Całe szczęście, że nadanie Octavii odznaczenia i wszystkie inne uroczystości miały nastąpić dopiero po skończonej żałobie. Teraz i tak nie zniosłaby tego wszystkiego. Pomijając zwykłe wyczerpanie, musiała mieć trochę czasu, by to wszystko jakoś poukładać w swojej głowie, bo przez ostatnie kilka dni w jej życiu zdarzyło się więcej niż przez wszystkie poprzednie lata jego trwania.
Dopiero późnym wieczorem, gdy słońce chowało się już za szczytami drzew  parku i gdy przekonała już wszystkich, że jest po prostu koszmarnie zmęczona, a nie umierająca, udało jej się wymknąć z Akademii, podczas gdy wszyscy myśleli, że spała. Zajęła miejsce przy drzewie, przy którym kiedyś odpoczywała z Vaillem po treningu i przymknęła oczy. Minęła niecała doba, odkąd go widziała, ale świadomość, że był to ostatni raz powodowała, że tęskniła i czuła się bardziej samotna niż kiedykolwiek. Poczuła jednak czyjąś obecność i nie musiała się długo zastanawiać, czyją. To Millius zbliżył się do niej bezszelestnie i zajął miejsce obok.

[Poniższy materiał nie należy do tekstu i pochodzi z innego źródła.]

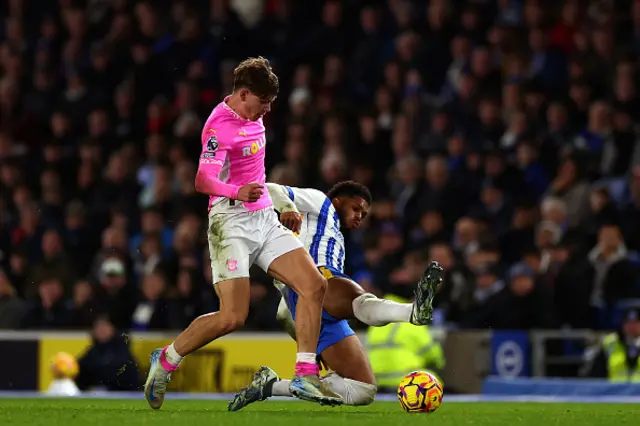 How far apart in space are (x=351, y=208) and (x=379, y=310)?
1.02 meters

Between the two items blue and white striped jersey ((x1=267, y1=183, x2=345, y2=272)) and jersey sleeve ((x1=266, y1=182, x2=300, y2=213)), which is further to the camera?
blue and white striped jersey ((x1=267, y1=183, x2=345, y2=272))

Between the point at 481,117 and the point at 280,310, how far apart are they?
7509 millimetres

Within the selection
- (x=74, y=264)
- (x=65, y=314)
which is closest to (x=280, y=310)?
(x=65, y=314)

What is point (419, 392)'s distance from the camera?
362 inches

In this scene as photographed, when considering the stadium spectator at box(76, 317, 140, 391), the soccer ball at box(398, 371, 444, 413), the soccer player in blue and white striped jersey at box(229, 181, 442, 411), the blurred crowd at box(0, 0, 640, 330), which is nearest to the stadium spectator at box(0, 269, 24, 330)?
the blurred crowd at box(0, 0, 640, 330)

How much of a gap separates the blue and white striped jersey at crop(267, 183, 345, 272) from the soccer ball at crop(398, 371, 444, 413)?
1031 millimetres

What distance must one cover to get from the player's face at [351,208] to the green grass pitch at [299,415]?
128 centimetres

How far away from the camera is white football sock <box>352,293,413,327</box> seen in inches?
354

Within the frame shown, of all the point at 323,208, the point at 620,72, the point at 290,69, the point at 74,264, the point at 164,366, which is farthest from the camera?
the point at 290,69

 - Już tęsknisz, prawda? - spytał z bladym uśmiechem.
 - Bardzo - odrzekła, zgodnie z prawdą. - Chciałabym, żeby był tu teraz ze mną.
 - I na pewno jest, Octavio. Ludzie, których kochamy, nigdy nie odchodzą.
 - Chcesz mi powiedzieć, że spotkam go po śmierci, w Pasmort? - spytała, ale anioł najwyraźniej nie to miał na myśli.
 - Nie. Chcę powiedzieć, że spotkasz go zawsze, bo on wcale nie musi być aż tak daleko. Jest blisko, bliżej niż na wyciągnięcie ręki. Jest cały czas w twoich rękach, kiedy używasz miecza tak, jak cię uczył, jest w twoim umyśle, kiedy go wspominasz, jest wszędzie tam, gdzie razem bywaliście. On jest i zawsze będzie w twoim sercu.